Un facteur urgent à court terme demeure les dizaines de milliers de demandes de résidence permanente de cette catégorie provenant du Québec qui trainent dans l’inventaire à Ottawa. Le délai de traitement de cette étape est plus de trois fois plus long qu’ailleurs au Canada, 35 mois par rapport à 11 mois. Trois ans, c'est trop long pour mettre une vie en pause et garder les partenaires et enfants séparés.

Maintenant que le Québec a pris en charge la gestion des demandes pour l’avenir, il serait pertinent qu'il prévoie une planification d’écoulement de ces dossiers, comme il a fait il y a deux ans pour les dossiers de la sous-catégorie des immigrants investisseurs.

De plus, on me pardonnera mon radotage, mais un système d’immigration à une étape favorise aussi la diminution des demandes de parrainage familial parce que toute la famille est incluse dans une demande d’immigration permanente. Il y aurait moins de célibataires à statut temporaire faisant une demande de parrainage après avoir obtenu leur résidence permanente.

Manque de données pour projeter le nombre de demandes

Il n’existe aucune donnée sur le profil des personnes faisant une demande de parrainage.
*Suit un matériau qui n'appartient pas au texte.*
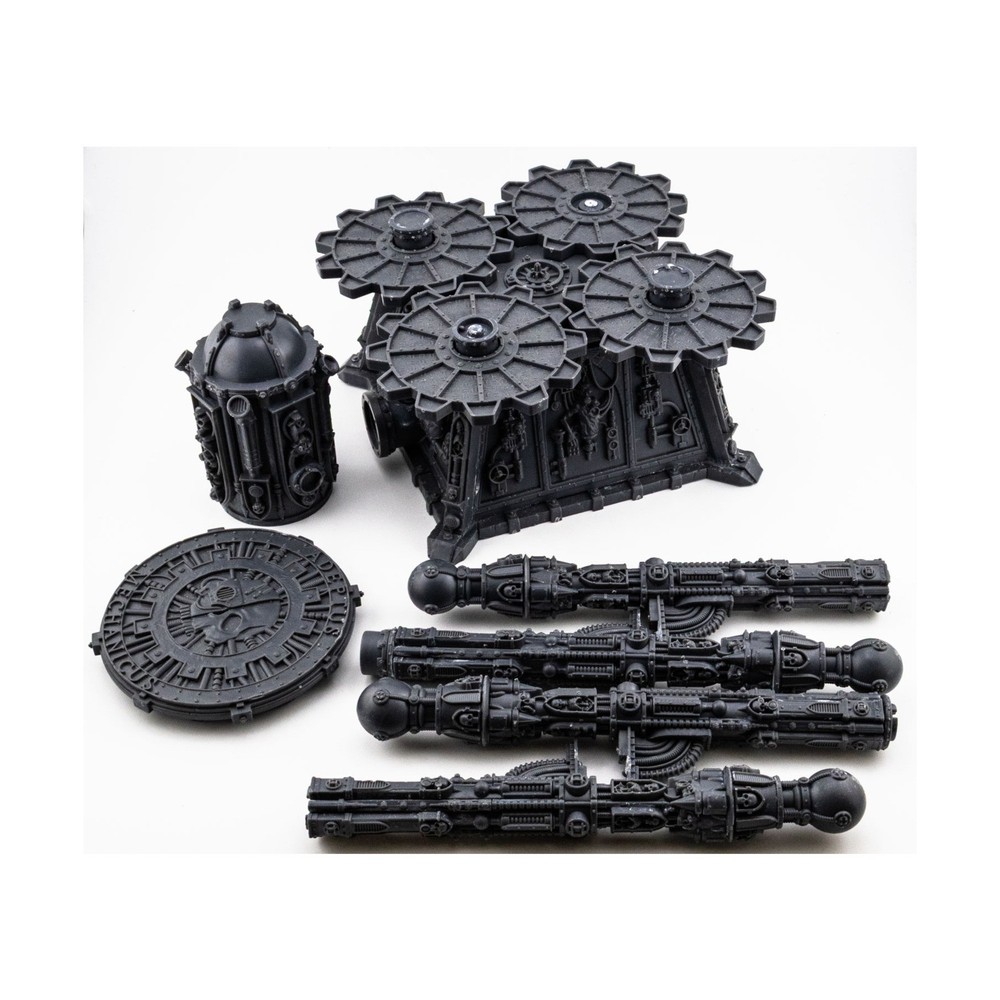 GW 40k Terrain Loose 28mm Void Shield Generator #3 NM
Combien sont nées au Québec ou au Canada? Combien ont obtenu leur citoyenneté par naturalisation? Combien ont le statut de résident permanent? Y a-t-il des tendances liées au pays de naissance, âge, sexe?

Quant aux personnes parrainées, on ne recueille pas non plus de données sur elles. Rien sur les langues connues, sur leur scolarité ou formation, expérience de travail. Un meilleur portrait de cette catégorie permettrait à la fois de mieux projeter le nombre de demandes, et de préparer des services en fonction des besoins de cette clientèle, deux facteurs essentiels à l’établissement des cibles.